Thank you again, Mayor, for your time!

Eiríkur Björn Björgvinsson / image via akureyri.net
2015-06-29-1435605828-3735212-EirikurBjornBjorgvinsson175.jpg
Q: What is Akureyri's population? General location? Demographics?

A: The population is about 18,200 people and the municipality stretches over the Arctic circle, because the island of Grímsey (population of about 100) is a part of the municipality and so is the island Hrísey (with a population of about 150). Akureyri lies at the bottom of the longest fjord in Iceland in the north part of the country. We put high emphasis on family values, since we have lots of young couples with children and also many students who move to our town from the neighbouring municipalities to get education -- Akureyri is sometimes referred to as "the school town" in Iceland.

Q: I had a heck of a time learning to pronounce Akureyri. Can you give us some tips? How is it pronounced?

A: Maybe it is easiest for you to think of the words "accurate," "ray" and "riff" and put them together like this: accu-ray-ri. :)

Q: Do people who want to visit need to worry if they can't speak Icelandic?

A: Certainly not. Almost everyone in Akureyri speaks English and many also other Scandinavian languages, plus German and French.

Akureyri city at dawn

Q: When I visited, I took the long way there, driving the Ring Road counter-clockwise through the south and east before cutting over to Akureyri. I know there are faster ways to get there! How can people get to Akureyri?

A: Yes, you probably took the longest way to Akureyri! If you drive through the west of Iceland from Reykjavík, the trip will take you about four to five hours, depending on how many times you stop to stretch your legs. It's about 380-kilometer drive. Then we have scheduled buses driving from Reykjavík to Akureyri two times a day and that trip takes a bit longer, since the bus stops in a few villages on the way. The domestic airline Flugfélag Íslands has scheduled flights from Reykjavík to Akureyri six or seven times a day and the flight takes 45 minutes. [See also this page for more transportation/travel info.]

Road 1 (the Ring Road), near Akureyri

Q: If a person flies in from Reykjavik, are car rentals available in Akureyri?

A: Yes, all the biggest car rentals in Iceland operate in Akureyri the biggest one in Iceland is Bílaleiga Akureyrar (Akureyri Car Rental) -- Europcar.

Q: Are there any companies that offer day trips from Akureyri?

A: Yes, there are a few of them and more are coming into business every year. Of course, you understand that I can't mention any of them because then I would have to mention all, but you can find information about companies offering day trips on our web page.

View image | gettyimages.com

Goðafoss waterfall (Waterfall of the Gods) near Akureyri

Q: Akureyri is pretty far north -- just a little farther north than Fairbanks, Alaska, and even farther north than Greenland's capital, Nuuk.
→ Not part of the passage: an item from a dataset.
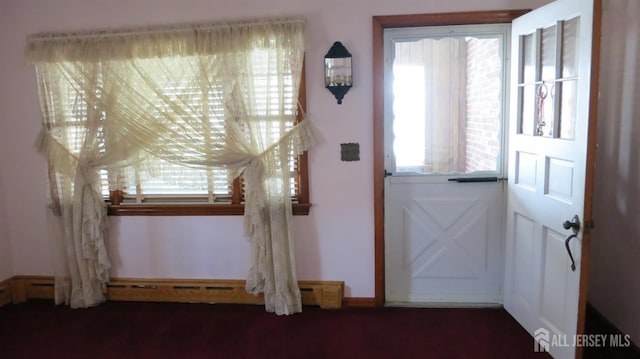 entryway featuring a baseboard heating unit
Tell me about the weather? What can a person expect in summer? In winter? Is Akureyri accessible in winter?

A: Akureyri is accessible all year round. We have long dark winters and short bright summers, truly an Arctic kind of atmosphere. The summer is rather short, maybe about three or four months, and then you can expect temperatures from maybe 12 to 24 degrees Celsius [53 to 75 Fahrenheit], and often we have sunny days. But you should note that the Icelandic weather can be pretty unpredictable. Icelanders tend to believe that Akureyri is one of the best places in Iceland during summer to enjoy camping and the nice weather. We have fairly harsh winters. Then the weather can be very cold and every winter we have a few beautiful snow storms. That's just positive since Akureyri is the ski capital of Iceland with a magnificent ski resort in Mt. Hlíðarfjall just ten minutes drive from the city centre.